Andere Harmonisierungen entstanden dadurch, dass man an neutestamentlichen Stellen, die Zitate aus dem Alten Testament enthalten, die Form mehr an die Schreibweise des Alten Testaments anpassen wollte, um die neutestamentlichen Schreiber von dem vermeintlichen Vorwurf zu reinigen, sie hätten ungenau zitiert. Solche späteren „Verbesserungen“ findet man zum Beispiel in:

  • Matthäus 2,18 „„Eine Stimme ist in Rama gehört worden, Weinen und viel Wehklagen: Rahel beweint ihre Kinder, und sie wollte sich nicht trösten lassen, weil sie nicht mehr sind.““ (siehe Jer 31,15 „So spricht der HERR: Eine Stimme wird in Rama gehört, Wehklage, bitteres Weinen. Rahel beweint ihre Kinder; sie will sich nicht trösten lassen über ihre Kinder, weil sie nicht mehr sind.“)
  • Matthäus 15,8 „„Dieses Volk ehrt mich mit den Lippen, aber ihr Herz ist weit entfernt von mir.“ (siehe Jes 29,13 „Und der Herr hat gesprochen: Weil dieses Volk sich mit seinem Mund naht und mich mit seinen Lippen ehrt und sein Herz fern von mir hält und ihre Furcht vor mir angelerntes Menschengebot ist:“)
  • Johannes 2,17 „Seine Jünger aber erinnerten sich daran, dass geschrieben steht: „Der Eifer um dein Haus wird mich verzehren.““ (siehe Ps 69,9 „Entfremdet bin ich meinen Brüdern und ein Fremder geworden den Söhnen meiner Mutter.“)
  • Römer 13,9 „Denn das: „Du sollst nicht ehebrechen, du sollst nicht töten, du sollst nicht stehlen, du sollst nicht begehren“, und wenn es irgendein anderes Gebot gibt, ist in diesem Wort zusammengefasst: „Du sollst deinen Nächsten lieben wie dich selbst.““ (siehe 2Mo 20,16 „Du sollst kein falsches Zeugnis ablegen gegen deinen Nächsten.“ und 5Mo 5,20 „Und du sollst kein falsches Zeugnis ablegen gegen deinen Nächsten.“)

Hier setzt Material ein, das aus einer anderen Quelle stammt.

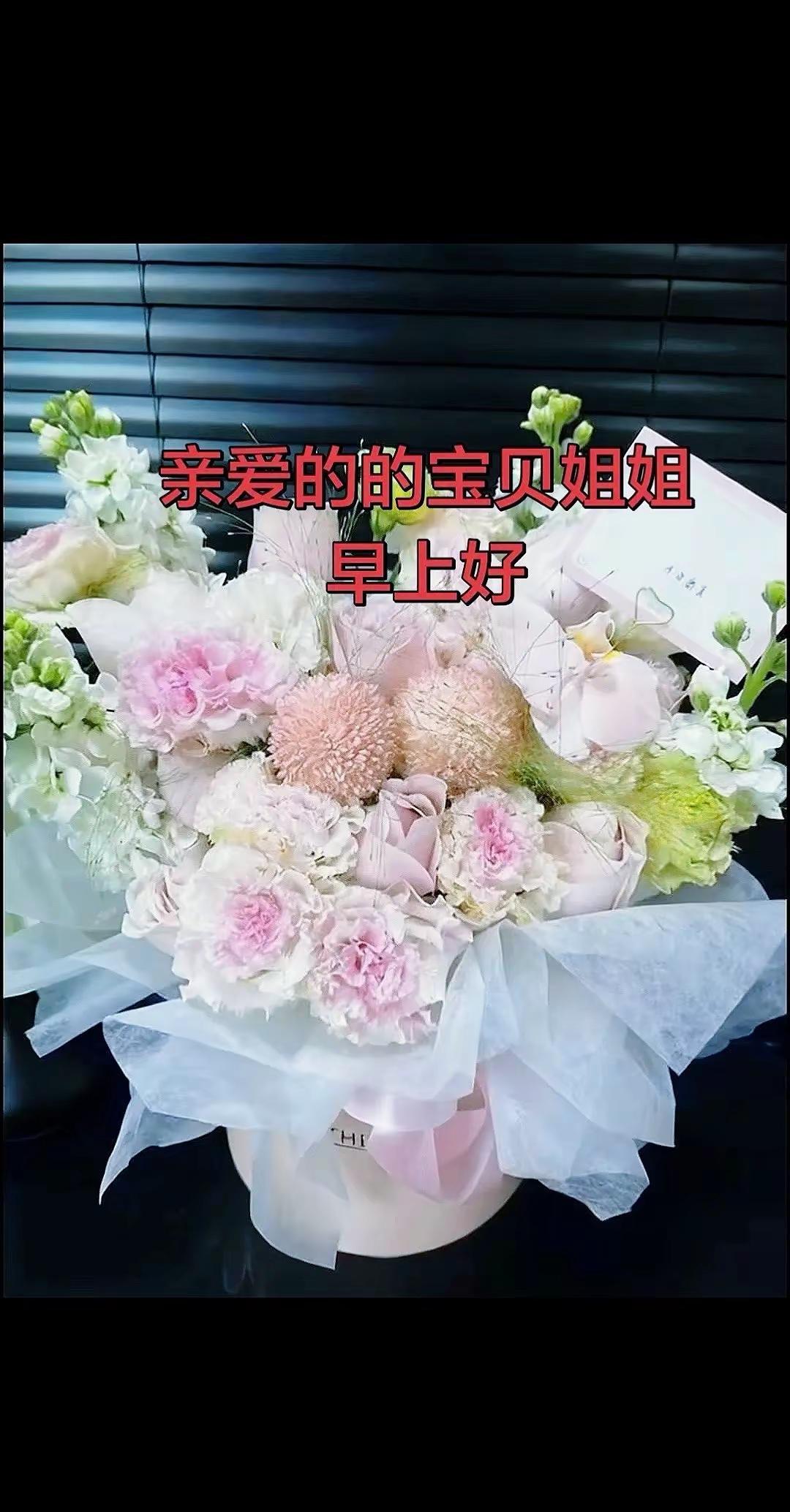 看花开花落，观一静一动，心自安然。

c) Angleichungen an Bekanntes

Eine häufige Form der Veränderung entstand dann, wenn ein Schreiber (bewusst oder unbewusst) eine seltene Form an eine gewohnte, häufige Form anpasste. Zum Beispiel wurde in späteren Handschriften manchmal der ungewohnte Name „Christus Jesus“ in die gewohnte Reihenfolge „Jesus Christus“ verändert.

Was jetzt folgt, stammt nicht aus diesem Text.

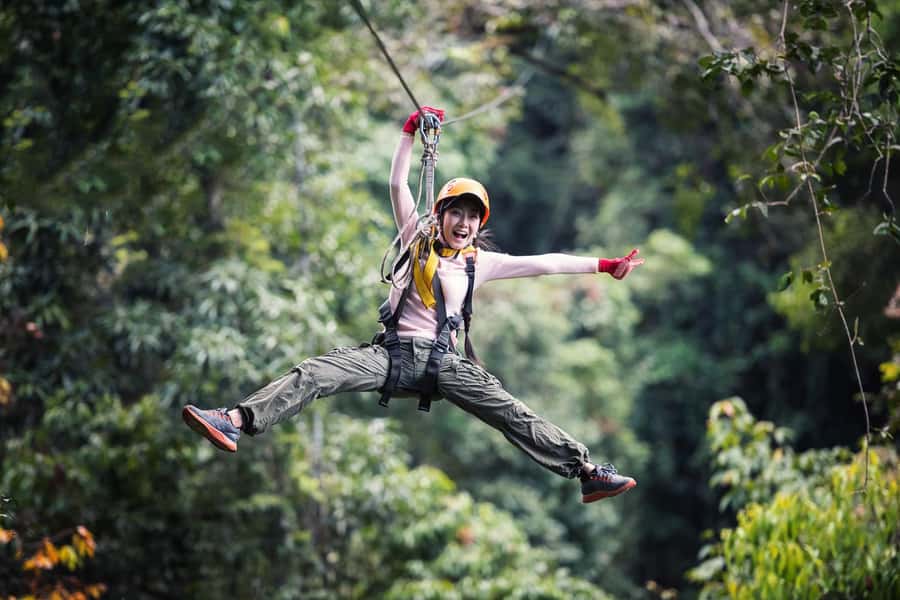 Cairns: Daintree Rainforest Canopy Ziplining Tour - Is the Daintree zipline worth your day?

d) Vermeintliche Beseitigung von Fehlern

Wenn der Abschreiber einer Handschrift einen Fehler in seiner Vorlage zu finden glaubte, konnte er leicht der Versuchung erliegen, eine „Verbesserung“ durchzuführen.

Ein bekanntes Beispiel für diesen Fall findet man in Johannes 1,28 „Dies geschah in Bethanien, jenseits des Jordan, wo Johannes taufte.“. Dort heißt der Ort, an dem Johannes taufte, in fast allen Handschriften „Bethanien“. Einige Handschriften lesen jedoch „Betharaba“ oder „Bethabara“[2]. Der alte Kirchenschriftsteller Origines (ca. 185–254 n.Chr.) schrieb einen Kommentar zum Johannesevangelium, in dem er Folgendes anmerkte[3]:

Wir wissen wohl, dass fast in allen Handschriften steht: „Dies geschah in Bethania“; es scheint dies auch früher der Fall gewesen zu sein, und auch bei Herakleon[4] haben wir „Bethanien“ gelesen. Wir haben uns aber überzeugt, dass nicht „Bethanien“ zu lesen ist, sondern „Bethabara“, als wir nämlich an Ort und Stelle waren und den Spuren Jesu und Seiner Jünger und der Propheten nachgingen. Bethanien nämlich, die Heimat des Lazarus, der Martha und Maria, ist, wie derselbe Evangelist sagt, von Jerusalem 15 Stadien entfernt;[5] von ihm ist der Jordanfluss wohl 180 Stadien weit abliegend. Es gibt aber auch kein zweites, gleichnamiges Bethanien am Jordan; dagegen zeigt man am Ufer des Jordan den Ort Bethabara, wo Johannes, wie man erzählt, getauft hat.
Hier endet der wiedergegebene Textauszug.